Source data

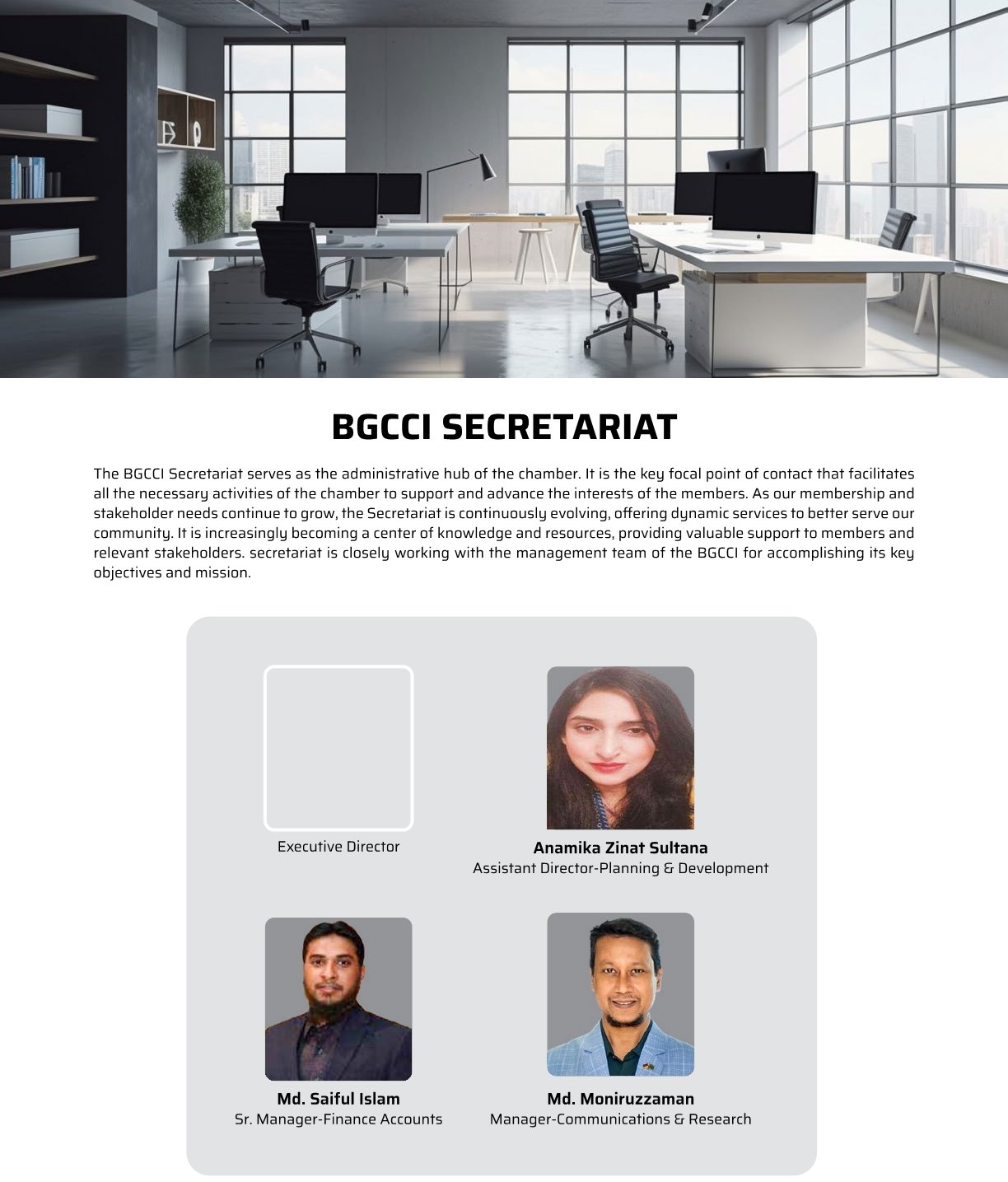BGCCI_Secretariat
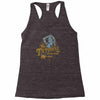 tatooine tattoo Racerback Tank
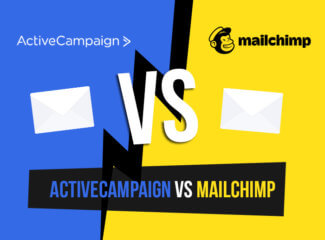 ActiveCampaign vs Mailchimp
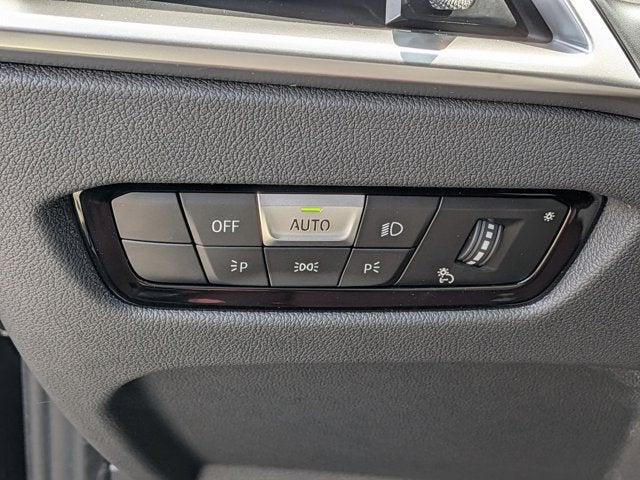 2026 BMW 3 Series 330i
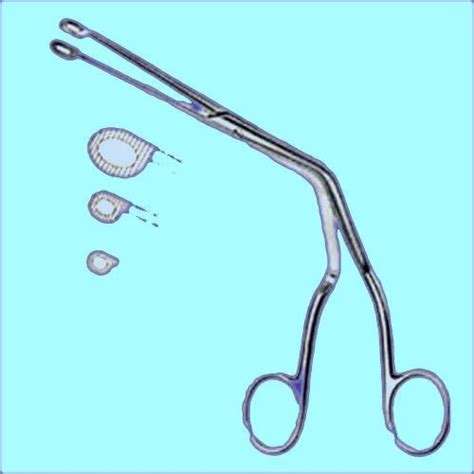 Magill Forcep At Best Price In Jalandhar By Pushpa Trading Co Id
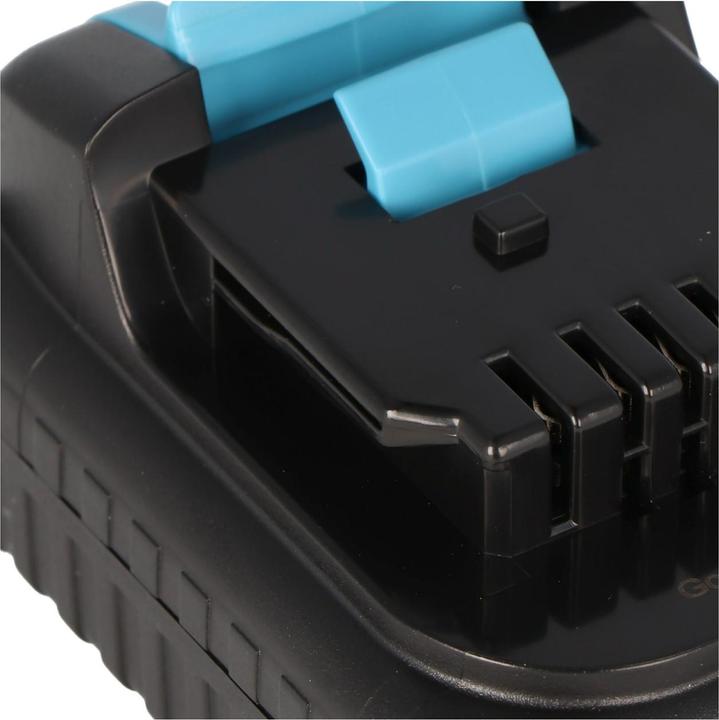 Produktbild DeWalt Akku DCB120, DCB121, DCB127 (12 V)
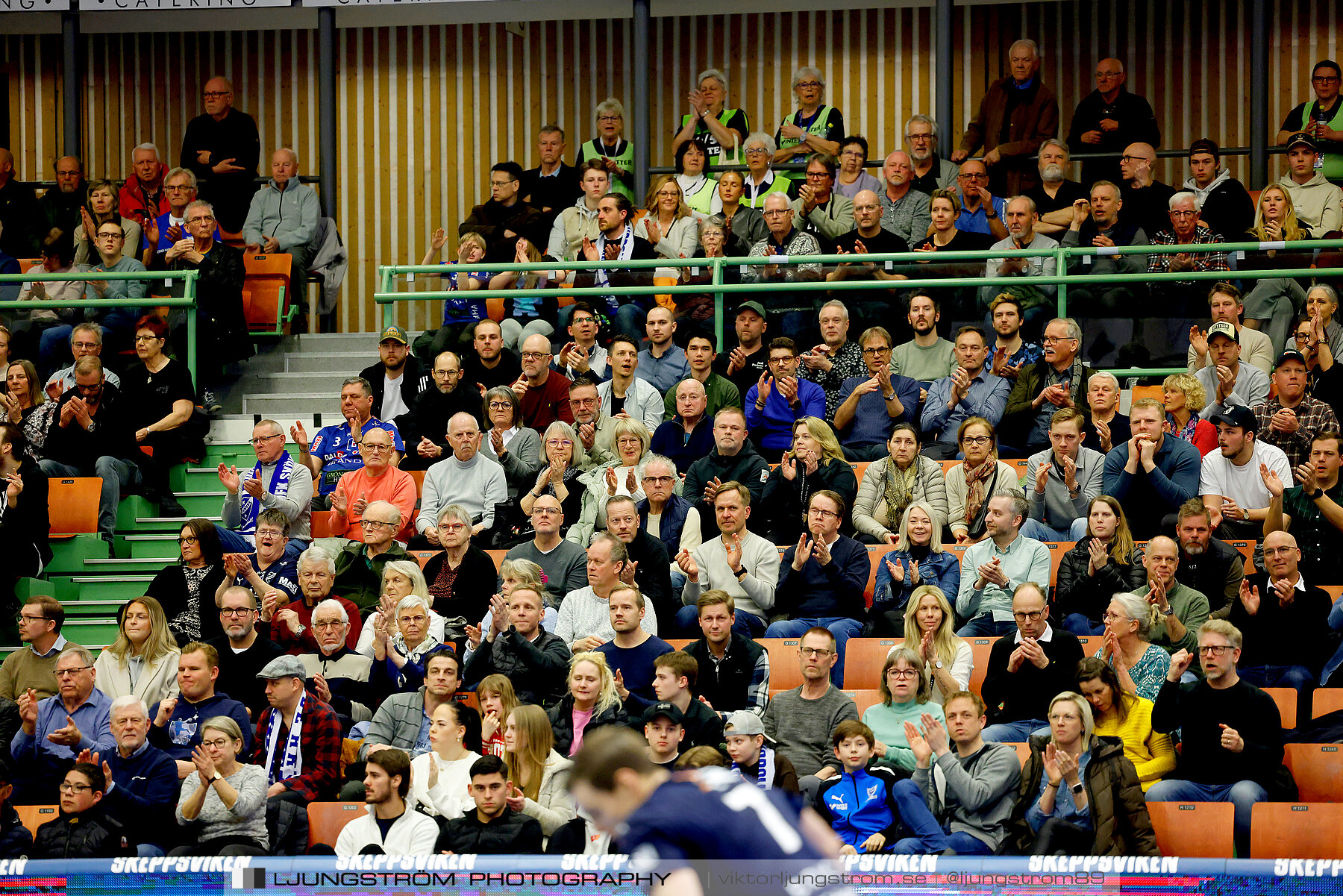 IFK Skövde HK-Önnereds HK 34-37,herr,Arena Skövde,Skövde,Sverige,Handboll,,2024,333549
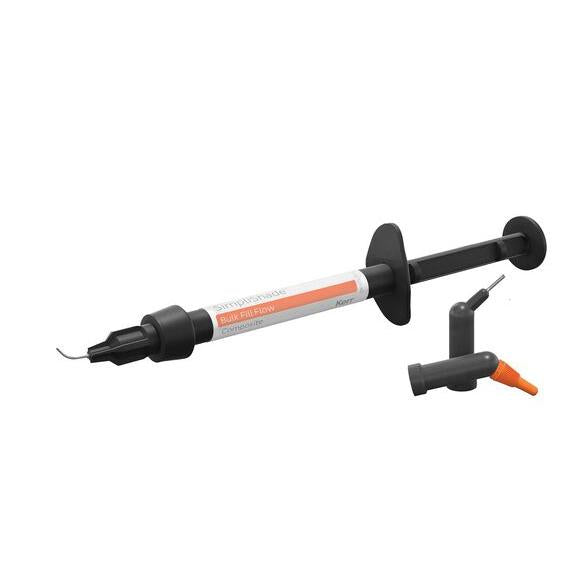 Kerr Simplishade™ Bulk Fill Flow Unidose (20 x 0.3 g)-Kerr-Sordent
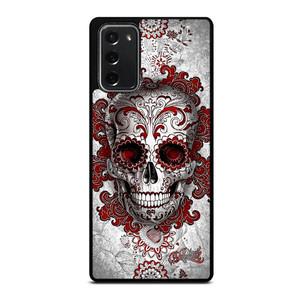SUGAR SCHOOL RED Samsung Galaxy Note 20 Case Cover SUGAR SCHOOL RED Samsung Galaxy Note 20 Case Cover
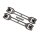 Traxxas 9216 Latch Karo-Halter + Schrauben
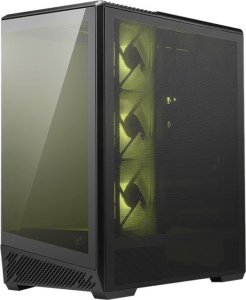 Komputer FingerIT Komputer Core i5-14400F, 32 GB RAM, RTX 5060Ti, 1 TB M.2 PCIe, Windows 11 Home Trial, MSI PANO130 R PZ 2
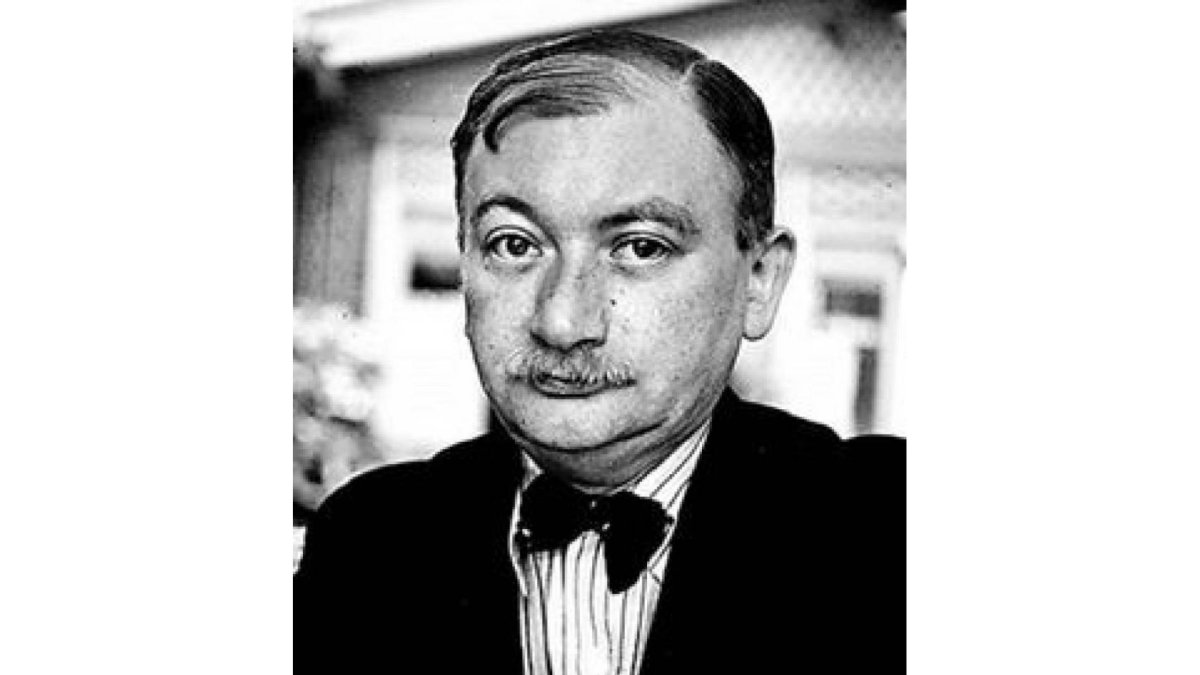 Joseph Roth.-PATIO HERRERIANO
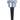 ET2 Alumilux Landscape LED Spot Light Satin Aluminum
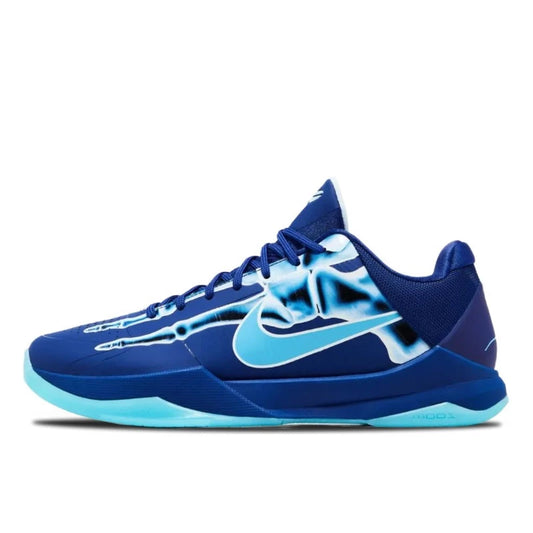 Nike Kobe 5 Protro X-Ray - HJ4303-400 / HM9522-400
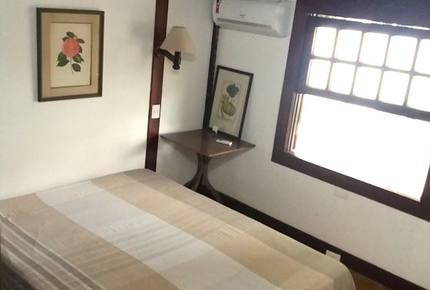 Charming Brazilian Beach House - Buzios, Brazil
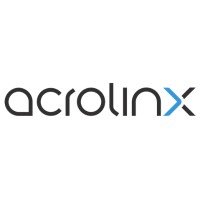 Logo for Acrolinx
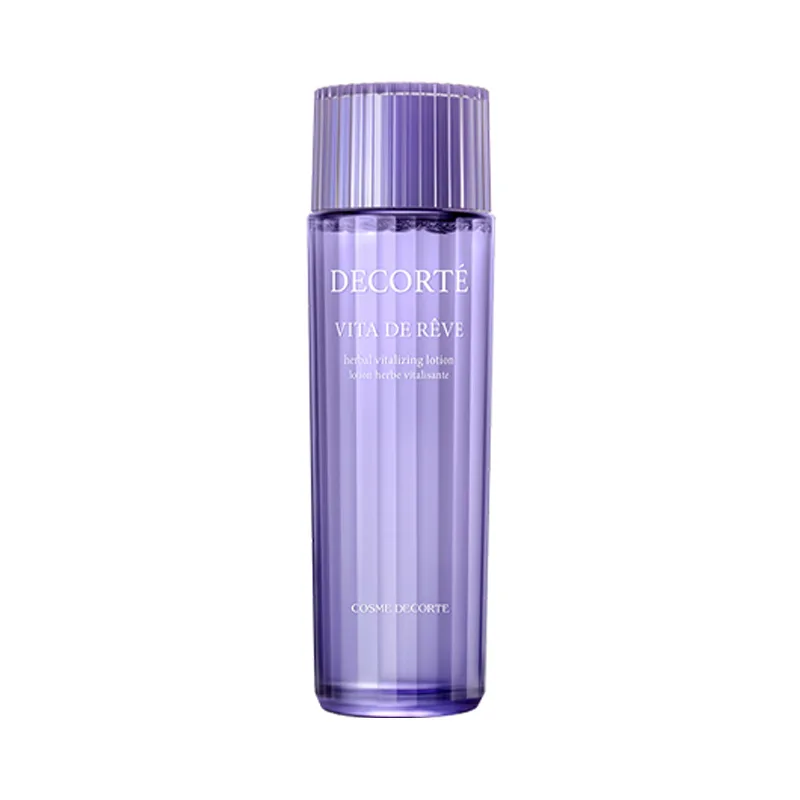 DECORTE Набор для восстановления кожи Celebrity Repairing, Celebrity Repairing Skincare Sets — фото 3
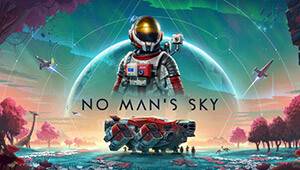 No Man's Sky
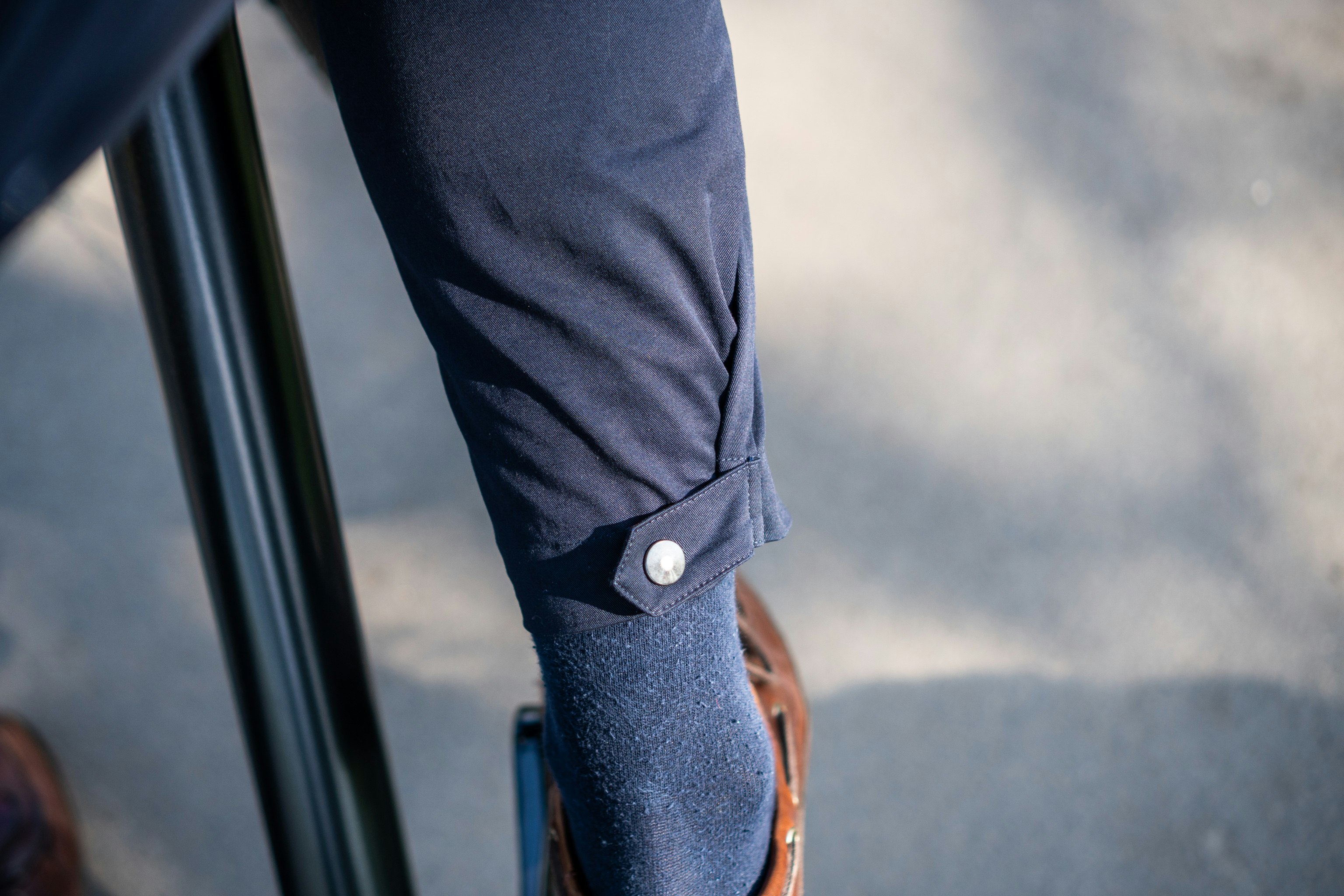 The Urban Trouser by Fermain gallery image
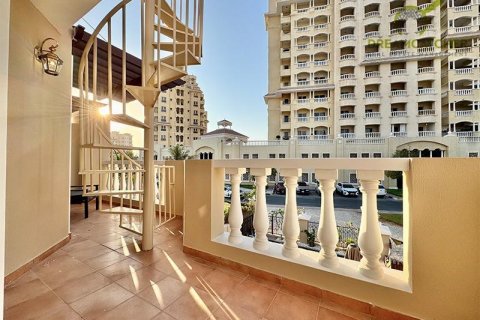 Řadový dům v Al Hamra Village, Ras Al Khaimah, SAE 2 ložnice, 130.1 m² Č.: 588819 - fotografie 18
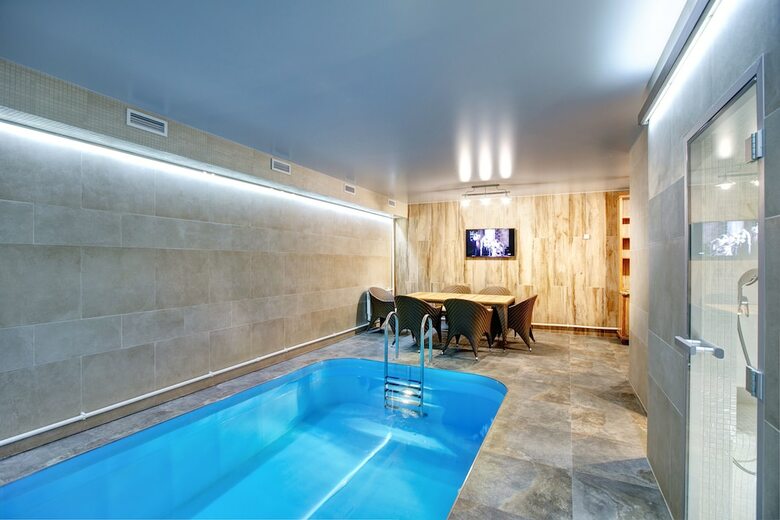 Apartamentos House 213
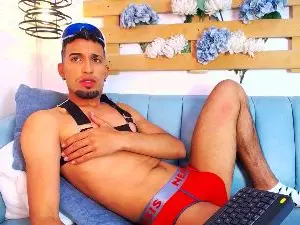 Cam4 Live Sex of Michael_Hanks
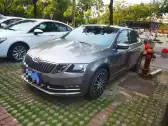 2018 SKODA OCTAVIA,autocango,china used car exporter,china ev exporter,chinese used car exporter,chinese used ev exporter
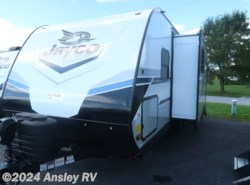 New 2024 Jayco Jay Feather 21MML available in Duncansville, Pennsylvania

#### Instructions for the task
Your copy must repeat the data word for word and show none of its images.

#### Answer to this problem
BGCCI_Secretariat
 tatooine tattoo Racerback Tank
 ActiveCampaign vs Mailchimp
 2026 BMW 3 Series 330i
 Magill Forcep At Best Price In Jalandhar By Pushpa Trading Co Id
 Produktbild DeWalt Akku DCB120, DCB121, DCB127 (12 V)
 IFK Skövde HK-Önnereds HK 34-37,herr,Arena Skövde,Skövde,Sverige,Handboll,,2024,333549
 Kerr Simplishade™ Bulk Fill Flow Unidose (20 x 0.3 g)-Kerr-Sordent
SUGAR SCHOOL RED Samsung Galaxy Note 20 Case Cover SUGAR SCHOOL RED Samsung Galaxy Note 20 Case Cover
 Traxxas 9216 Latch Karo-Halter + Schrauben
 Komputer FingerIT Komputer Core i5-14400F, 32 GB RAM, RTX 5060Ti, 1 TB M.2 PCIe, Windows 11 Home Trial, MSI PANO130 R PZ 2
 Joseph Roth.-PATIO HERRERIANO
 ET2 Alumilux Landscape LED Spot Light Satin Aluminum
 Nike Kobe 5 Protro X-Ray - HJ4303-400 / HM9522-400
 Charming Brazilian Beach House - Buzios, Brazil
 Logo for Acrolinx
 DECORTE Набор для восстановления кожи Celebrity Repairing, Celebrity Repairing Skincare Sets — фото 3
 No Man's Sky
 The Urban Trouser by Fermain gallery image
 Řadový dům v Al Hamra Village, Ras Al Khaimah, SAE 2 ložnice, 130.1 m² Č.: 588819 - fotografie 18
 Apartamentos House 213
 Cam4 Live Sex of Michael_Hanks
 2018 SKODA OCTAVIA,autocango,china used car exporter,china ev exporter,chinese used car exporter,chinese used ev exporter
 New 2024 Jayco Jay Feather 21MML available in Duncansville, Pennsylvania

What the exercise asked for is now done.